When you’re developing applications you sometimes might want to do multiple things at the same time. For example, while you do some kind of batch processing in the background, your GUI should still respond. You can do this using threads. Threads a lightweight processes that run concurrently. Threads can be very useful, yet can complicate things a lot. What follows is a very introductory entry about concurrency.

As an example I’ll use a problem I (could have) had with “KeyTopic”: KeyTopic is a Java servlet application. Servlets run in a so-called servlet container, such as “Resin”: or “Tomcat”: Unlike many web development environments such as PHP, with servlet programming it’s possible to keep data persistent in memory. This means that you can share objects between requests. In KeyTopic, board and categories are kept in memory and shared among requests, for performance reasons.

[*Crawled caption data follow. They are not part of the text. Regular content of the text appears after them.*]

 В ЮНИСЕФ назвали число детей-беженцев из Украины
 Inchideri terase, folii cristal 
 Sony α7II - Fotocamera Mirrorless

The category and board objects are mutable (fancy word meaning that they can be changed) by any request (thread). But what happens when two requests modify a certain board object at the very same time (for example to increase the number of posts in a board)? Well, this can very well go wrong. This is called a synchronization problem. I’ll give a simple example. Let’s assume a counter, x, which’s value is increased by one by two processes concurrently. The initial value of x is 0. At the end the value should, obviously, be 2. Now let’s look in semi machine code instructions how this is executed and what could happen. (Remember that a CPU has a couple of registers, which are very fast pieces of memory that can be used for storing intermediate calculation stuff, I’ll name them r0, r1, r2…):

Initially: x = 0

|*Process 1*|*Process 2*|
|load x into r0| |
| |load x into r1|
|r0 = r0 + 1| |
| |r1 = r1 + 1|
|store r0 into x | |
| | store r1 into x|

We end up with: x = 1. Hum? Why did that go wrong? Because two processes manipulated the same variable at the same time. Java (and many platforms) offer solutions for this, one of them in Java is to mark a method “synchronized” which means that only one process can call it at a time, the second will just have to wait until the first is done. So when you have a method to increase the post count of a board and mark it synchronized everything goes OK, considering that that’s the only method that can modify the post count value.

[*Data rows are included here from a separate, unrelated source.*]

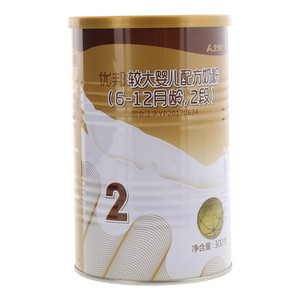 人之初优邦较大婴儿配方奶粉（2段）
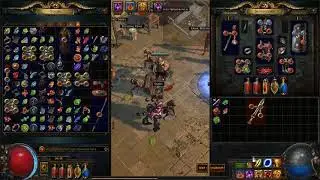 Path of Exile: The Fall of Oriath part 314 ~ Massier and Inventory Management
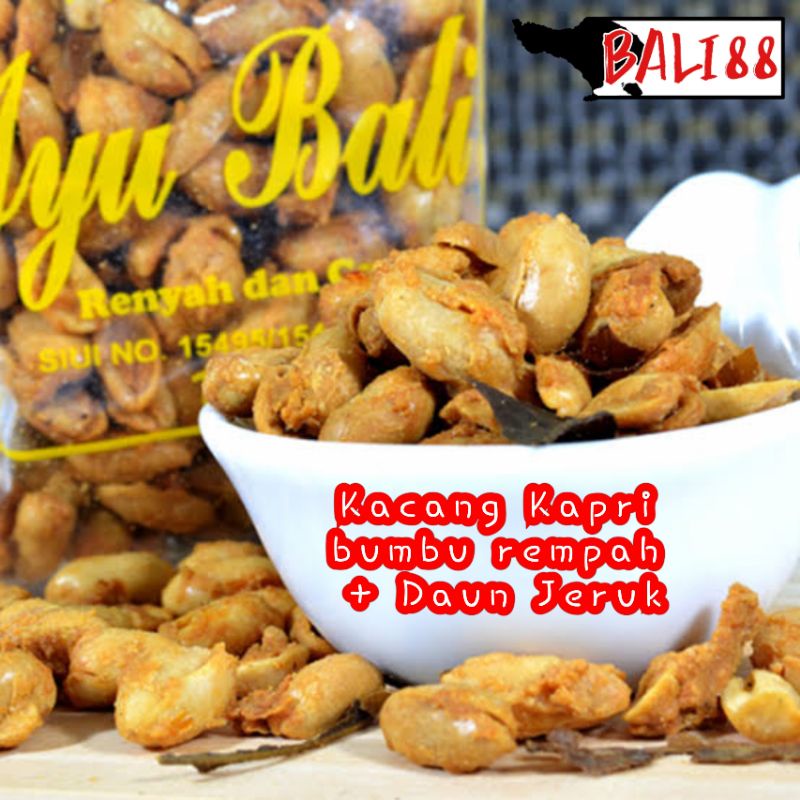 

KACANG BALI BUMBU REMPAH AYU BALI KACANG THAILAND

When I developed “YaBB”: I had similar problems. We used text files to store our data in. However, sometimes two perl processes (different requests) wrote to a certain file at the same time, leaving the file messed up. On Unix systems this problem can be solved using flock. Flock locks a file (File LOCK) for either writing or reading. If you’re going to write to a file, you have to lock it for writing. Other processes that want to read or write to the file will have to wait until the file is unlocked. If you’re going to read a file you lock it for reading, other process which want to read will be able to, but processes that want to write will have to wait until the reading lock is removed. It’s a simple, yet effective method. Note that this also shows that flat file databases don’t scale so well. If you got a lot of requests coming in at once, processes are lining up to access certain files. This is particulary bad when you write to those files a lot.

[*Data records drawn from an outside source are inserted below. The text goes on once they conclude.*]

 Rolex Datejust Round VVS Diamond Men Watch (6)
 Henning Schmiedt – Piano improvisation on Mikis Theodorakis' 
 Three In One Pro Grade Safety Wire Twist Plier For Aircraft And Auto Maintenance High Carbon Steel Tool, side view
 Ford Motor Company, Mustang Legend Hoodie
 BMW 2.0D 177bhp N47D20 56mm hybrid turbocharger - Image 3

Those only the simplest of examples in the world of concurrency. The most important thing is that you’re aware of it: If you’re accessing shared variables from multiple threads or processes, beware of concurrency issues. If you’re interested, there are many books about the subject. Personally I don’t find the concurrency field that interesting, partly because we had the most annoying teacher teaching it. It’s also the only class that I quit upfront (luckily it was optional). Therefore I don’t have particular book recommendations, but I’m sure a search for “concurrent programming” on “Amazon”: will come up with good results.